Seungho ImMarch 25, 20267 min read

An export license violation happens when a U.S. exporter ships goods, software, or technology without the authorization required under the Export Administration Regulations (EAR). As of January 2025, a single violation can result in an administrative fine of up to $374,474 or twice the transaction value, whichever is greater, according to the Bureau of Industry and Security (BIS). Criminal penalties go further: up to $1 million per violation and 20 years in prison.

Most exporters assume their products don't need a license. And in many cases, that's technically correct. But "no license required" is not the same as "no restrictions." This guide explains what triggers an export license violation, what the penalties look like, and how to stay compliant.

What Is an Export License Violation?

An export license violation occurs when you export, re-export, or transfer an item subject to the EAR without proper authorization from BIS. This includes shipping controlled items without a license, shipping to prohibited end-users or embargoed countries, and filing false or misleading export information.
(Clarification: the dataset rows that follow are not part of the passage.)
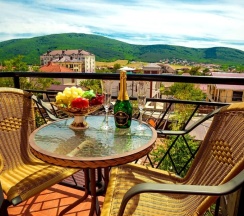 2х комнатный номер  с балконом на 4 этаже в Прага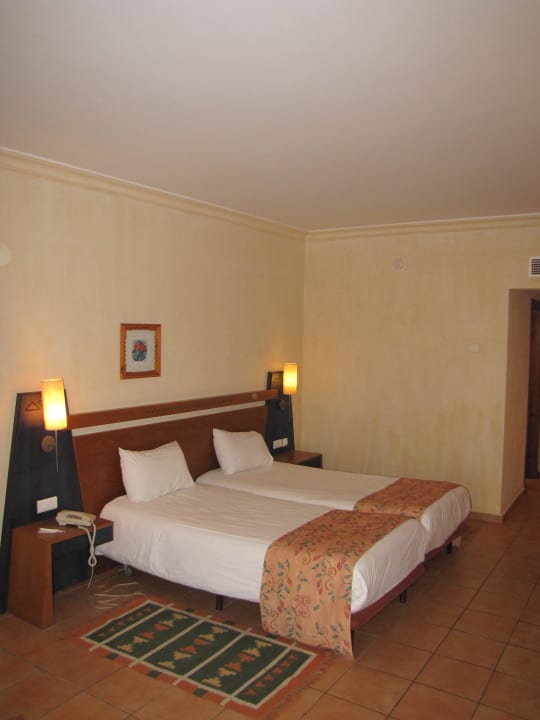 Schlafraum Iberostar Waves Founty Beach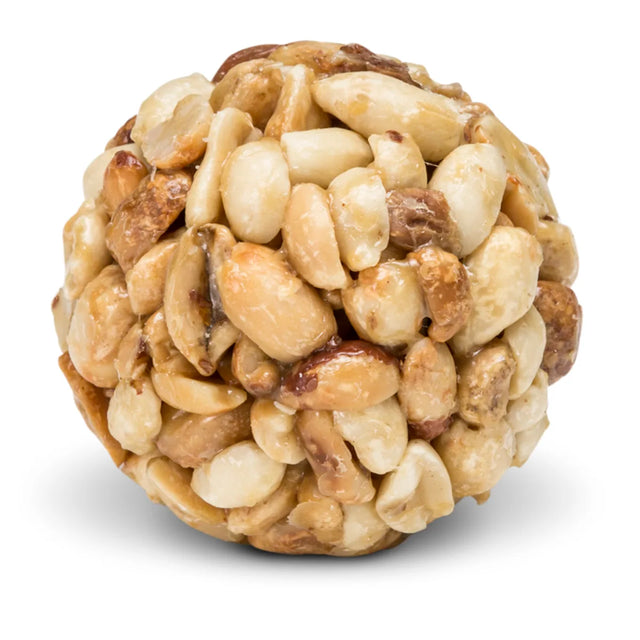 Duncraft Peanut Wild Bird Seed Balls in a clear package, showcasing six round seed balls made of 100% peanut bits, ideal for attracting nut-eating birds.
The violation can be civil or criminal depending on whether the exporter acted knowingly.

The EAR, found in 15 CFR §§ 730–774, applies broadly. It covers all items in the United States, all U.S.-origin items regardless of location, and foreign-made items that contain more than a certain percentage of controlled U.S.-origin content. Even re-exports from one foreign country to another can fall under EAR jurisdiction.

The key question is not just "does my product need a license?" It is also "who is the buyer, where are they located, and what will they do with it?"
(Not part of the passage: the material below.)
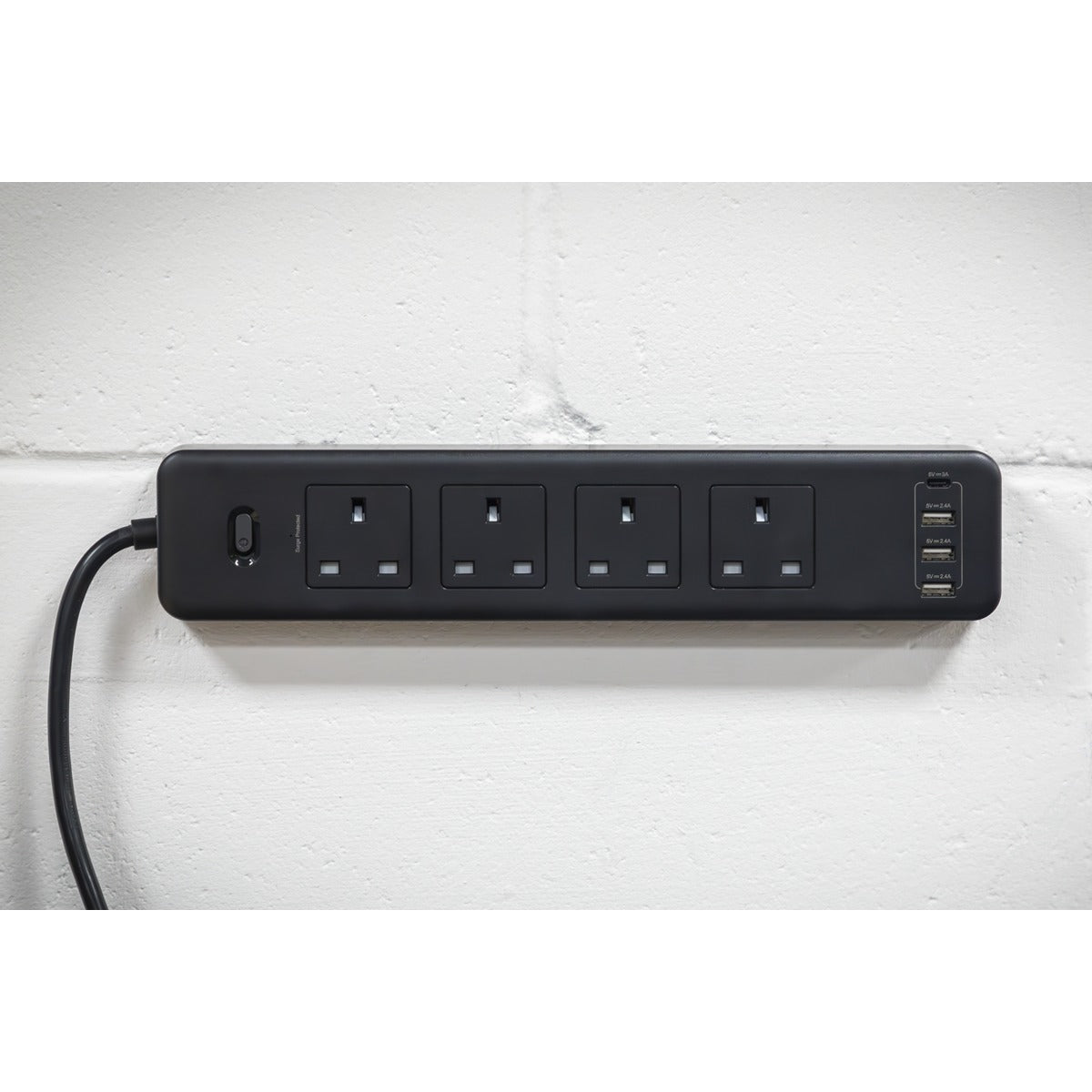 Sealey 2.6m Extension Lead with USB Ports - Black EL34USBB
What Are the Penalties for Violating U.S. Export Controls?

Penalties for export license violations fall into two categories: administrative (civil) and criminal. Administrative penalties can reach $374,474 per violation or twice the value of the transaction, whichever is greater, as of January 15, 2025 (BIS). Criminal penalties under the Export Control Reform Act of 2018 (ECRA) can reach $1 million per violation and up to 20 years imprisonment.

But the financial penalty is often not the worst outcome. BIS can also deny your export privileges. According to BIS, a denial of export privileges prohibits a person from participating in any way in any transaction subject to the EAR. That means you cannot sell, buy, broker, forward, or finance any export covered by the EAR. For many companies, this effectively shuts down international operations.
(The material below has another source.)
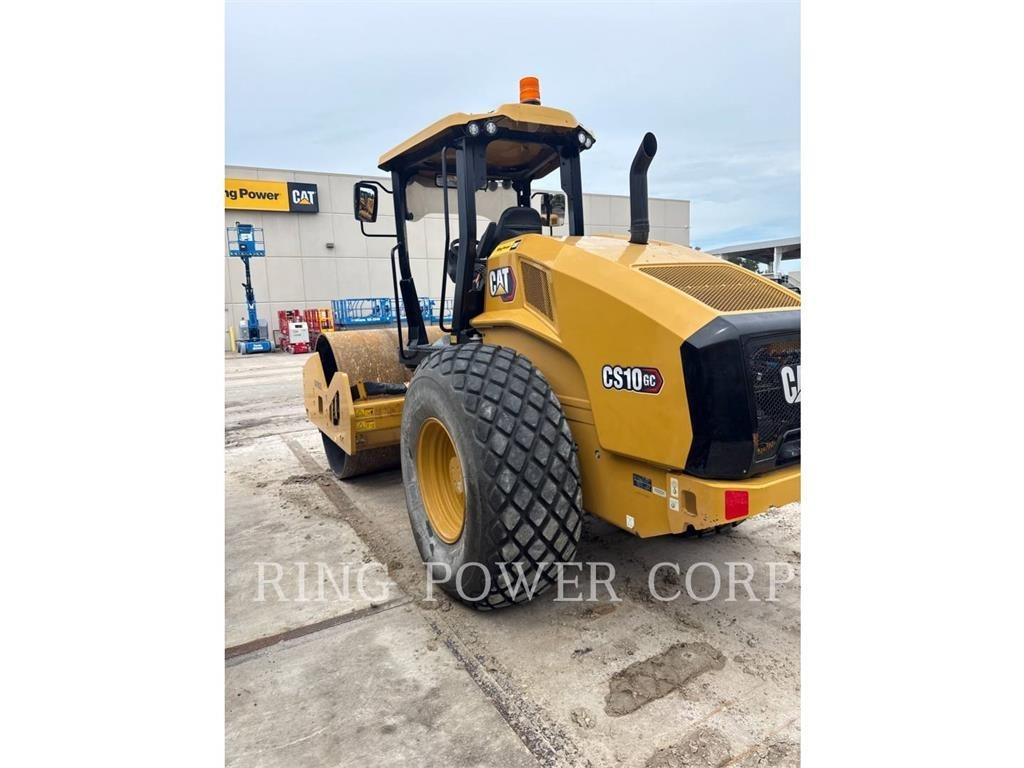 CAT CS10GC Çift tamburlu silindirler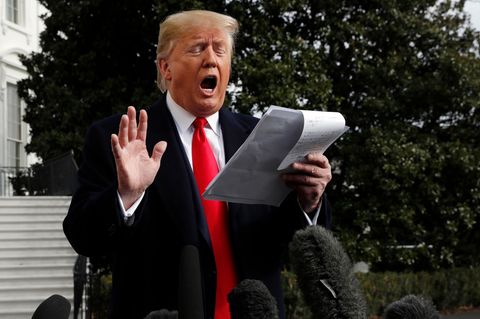 Donald Trump mit Notizen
The penalty amount depends on several factors: the value of the transaction, the harm to national security, whether the violation was voluntary or willful, and whether the company self-disclosed. BIS publishes its penalty guidelines in Supplement No. 1 to Part 766 of the EAR.

Does EAR99 Mean No License Is Ever Required?

No. EAR99 means your product is subject to the EAR but is not listed on the Commerce Control List (CCL). According to the U.S. Department of Commerce, the majority of commercial items fall under EAR99 and generally do not require a license. But there are three exceptions that override this default.

Exception 1: Embargoed or sanctioned countries. Exporting EAR99 items to countries like Cuba, Iran, North Korea, or Syria requires a license. The full list of sanctioned destinations is maintained by BIS and the Office of Foreign Assets Control (OFAC).

Exception 2: Prohibited end-users. If your buyer appears on the Entity List, the Denied Persons List, or the Specially Designated Nationals (SDN) List, you need a license — even for EAR99 items. The Entity List alone includes thousands of organizations across dozens of countries.

Exception 3: Prohibited end-uses. If you know or have reason to know that your product will be used in weapons development, nuclear activities, or other prohibited applications, a license is required regardless of the product's classification.

The common mistake is treating EAR99 as a clearance. It is actually a starting point. The classification tells you the product is low-risk. But the transaction still needs screening.

How Is BIS Enforcing Export Controls?

BIS enforcement has intensified significantly. In 2024, the Disruptive Technology Strike Force — a multi-agency unit led by BIS and the Department of Justice — brought 15 new criminal cases, bringing the total to 26 since the Strike Force was established. These cases involved sanctions violations, smuggling conspiracies, and illegal technology transfers to countries including China, Russia, and Iran.

Notable enforcement actions in recent years include a $5.8 million administrative penalty against TE Connectivity for unauthorized exports of items to parties tied to Chinese military electronics programs (BIS, 2024). In another case, Haas Automation paid over $2.5 million in combined civil penalties to BIS and OFAC for shipping CNC machine parts to Entity-Listed parties in Russia and China.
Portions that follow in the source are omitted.